Syringe and Needle Types
Syringes are available in several different designs and varieties. Most syringes are disposable and many come with an attached needle or with no needle at all. You may select the size of the syringe by the volume of medication it holds. Needles are selected by the gauge size and the length of the needle. Selecting the needle thicknesses and gauge, with varying needle lengths are entirely dependent upon where the injection is being administered. A very common type of syringe is the U-100 insulin syringe and needle used commonly for diabetic medications. It is for one time use only, and is thus, a very low cost syringe with needle combination. Below are images depicting the anatomy of a syringe and the anatomy of a needle.
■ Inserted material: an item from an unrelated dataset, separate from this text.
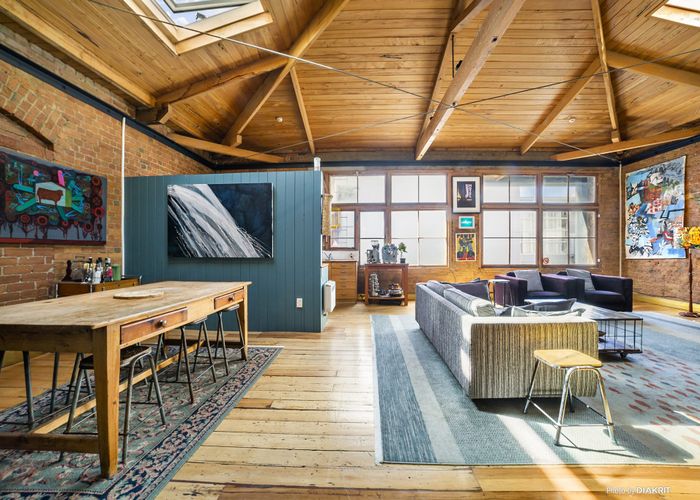  at 2/19 Blair Street, Te Aro, Wellington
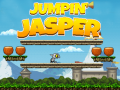 თამაშის Jumpin' Jasper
Selecting the Right Syringe
Syringe selection is mostly based upon the volume of medication to be administered and the desired pressure flow. Volumes are usually measured in centimeters (cc) or milliliters (mL). Both types of measurements are equivalent in volume. A 1 cc syringe is the same as a 1 mL syringe. Large volumes of medication require larger syringe sizes. Lower pressure flows also require larger syringe sizes. The use of the syringe for injections, medical tubing or irrigation are also factors in syringe selection. Below is an infographic depicting the size of the syringe matched with the type of use for the syringe.
Common Types of Needles
Some of the most common needle tip styles include; the slip tip, eccentric tip, Luer lock and the catheter tip.
A Luer Lock tip syringe is the most commonly used, as its needle removal and installation is quite easy and quick. The twist mount helps secure the needle to the syringe for greater safety.
A slip tip syringe is also very commonly used and allows the user to merely push the needle hub onto the syringe. A catheter slip tip is used mostly used with medical tubing like catheters or feeding tubes.
Eccentric tips are used when you need to inject a medication parallel to the skin of the patient. It is also used when you want to inject into a vein on the surface, without the needle penetrating through both walls of the veins.
Two of the most common types of syringe needles include the Luer lock hub and the polypropylene slip hub. The Luer lock needle is only used with the barrel of a Luer lock syringe. The slip tip needle hub type is used with all other types of syringes available in the market. These syringes are made to easily slip over the tip of the barrel and become compressed for easy removal and installation.
Needle Thickness And Length Options
Needles vary in thickness and length. Short needles are used to inject something right underneath the skin, whereas long length needles are used to inject something into the body muscles.
Similarly, fine gauge needles are used to ensure less pain for the patient, while thicker gauges are meant for longer needles, and are used for thick skinned individuals. The viscosity of the medication is another consideration in needle gauge selection. The thicker the viscosity, the lower the gauge number. Gauge numbers are arranged so that the highest number represents smaller needle width while the lowest numbers represent the largest width. High viscosity medications would therefore use a wider width needle or a needle with a low gauge number.
Purchasing Syringes and Needles
When you buy syringes, it is very important that you know which one you actually need. Are you using the syringe with needle for intradermal injections, intramuscular injections or subcutaneous injections? The needle gauge and needle length selection is different for each type of injection. See the Needle Selection Continuum for Needle Gauge and the Needle Selection Continuum for Needle Length infographics displayed above. Below is a quick list of the selection criteria used for purchasing a syringe and needle.
- Volume of medication to be administered determines syringe size.
- Type of needle hub used determines syringe hub. (Luer Lock, Slip Tip, Eccentric Tip or Catheter Tip)
- Viscosity of medication determines needle gauge.
- Location of injection determines needle gauge and needle length.
Make sure you know your needs prior to shopping!